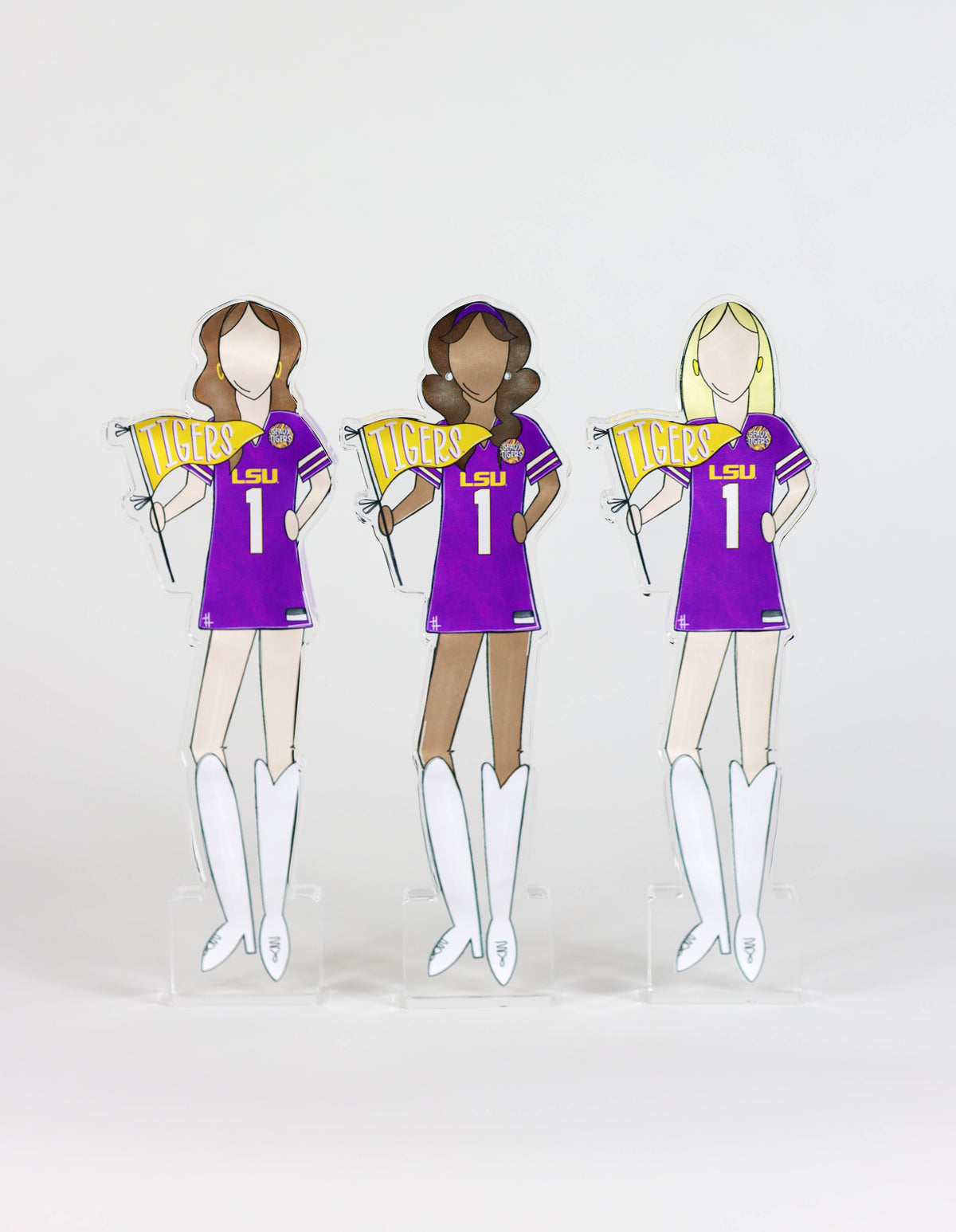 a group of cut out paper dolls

...

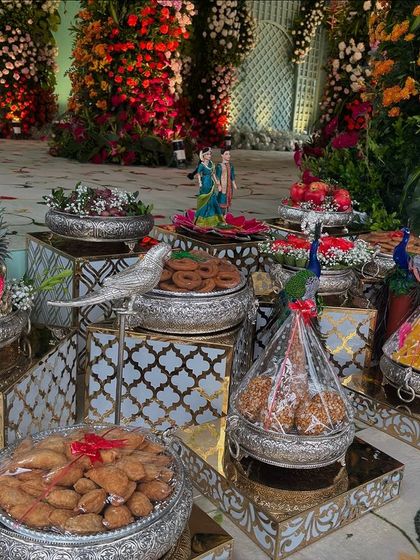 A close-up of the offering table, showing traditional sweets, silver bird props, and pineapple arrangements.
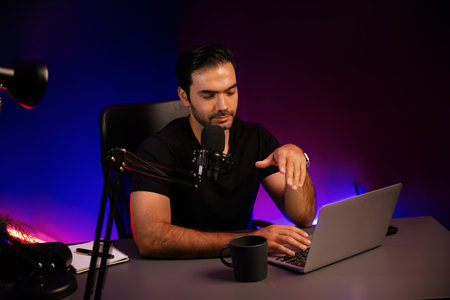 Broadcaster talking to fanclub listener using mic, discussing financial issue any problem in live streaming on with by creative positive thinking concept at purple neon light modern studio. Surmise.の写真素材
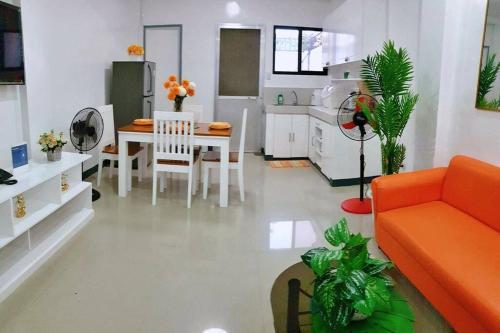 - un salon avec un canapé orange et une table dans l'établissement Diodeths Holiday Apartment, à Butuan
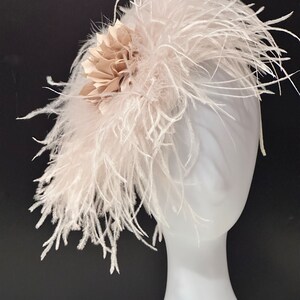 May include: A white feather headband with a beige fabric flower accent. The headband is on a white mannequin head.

**Problem statement**
In the records above, find the line with "Broadcaster talking to" and the line with "May include: A". Write out exactly those lines and every one between, with no pictures and no other lines.

**Response to this exercise**
 Broadcaster talking to fanclub listener using mic, discussing financial issue any problem in live streaming on with by creative positive thinking concept at purple neon light modern studio. Surmise.の写真素材
 - un salon avec un canapé orange et une table dans l'établissement Diodeths Holiday Apartment, à Butuan
 May include: A white feather headband with a beige fabric flower accent. The headband is on a white mannequin head.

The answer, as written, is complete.